First find the line with "4Pack Serving Spoons" in the entries below, then set down exactly every line through the line with "Chanel Denim Small", that line included.

(Beginning of Data for analysis)

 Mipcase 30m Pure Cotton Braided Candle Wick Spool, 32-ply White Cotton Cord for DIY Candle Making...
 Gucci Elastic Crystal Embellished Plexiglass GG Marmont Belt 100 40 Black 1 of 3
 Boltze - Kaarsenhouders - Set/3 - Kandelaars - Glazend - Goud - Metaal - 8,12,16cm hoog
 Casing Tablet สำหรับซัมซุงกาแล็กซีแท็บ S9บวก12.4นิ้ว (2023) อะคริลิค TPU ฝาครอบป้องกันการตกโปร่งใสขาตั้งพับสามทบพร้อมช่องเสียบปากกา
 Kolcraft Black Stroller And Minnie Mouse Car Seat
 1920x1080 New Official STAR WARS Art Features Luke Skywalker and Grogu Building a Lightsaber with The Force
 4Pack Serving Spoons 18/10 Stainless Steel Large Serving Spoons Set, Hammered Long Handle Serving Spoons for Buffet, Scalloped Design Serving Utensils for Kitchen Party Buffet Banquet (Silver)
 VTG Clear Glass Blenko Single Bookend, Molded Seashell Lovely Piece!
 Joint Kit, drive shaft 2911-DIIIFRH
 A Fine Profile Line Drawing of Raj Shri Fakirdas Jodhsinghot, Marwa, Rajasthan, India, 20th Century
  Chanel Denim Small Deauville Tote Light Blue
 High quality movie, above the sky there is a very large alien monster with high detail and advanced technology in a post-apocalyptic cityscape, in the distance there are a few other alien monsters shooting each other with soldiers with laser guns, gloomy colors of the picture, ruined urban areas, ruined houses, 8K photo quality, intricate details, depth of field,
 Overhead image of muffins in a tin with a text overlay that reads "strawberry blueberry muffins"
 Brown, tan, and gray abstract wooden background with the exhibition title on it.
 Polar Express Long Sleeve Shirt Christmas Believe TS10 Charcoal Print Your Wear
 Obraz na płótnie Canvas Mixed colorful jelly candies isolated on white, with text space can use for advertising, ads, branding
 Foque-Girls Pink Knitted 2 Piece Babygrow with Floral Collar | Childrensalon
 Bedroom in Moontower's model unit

(End of Data for analysis)

## Solution to the exercise
 4Pack Serving Spoons 18/10 Stainless Steel Large Serving Spoons Set, Hammered Long Handle Serving Spoons for Buffet, Scalloped Design Serving Utensils for Kitchen Party Buffet Banquet (Silver)
 VTG Clear Glass Blenko Single Bookend, Molded Seashell Lovely Piece!
 Joint Kit, drive shaft 2911-DIIIFRH
 A Fine Profile Line Drawing of Raj Shri Fakirdas Jodhsinghot, Marwa, Rajasthan, India, 20th Century
  Chanel Denim Small Deauville Tote Light Blue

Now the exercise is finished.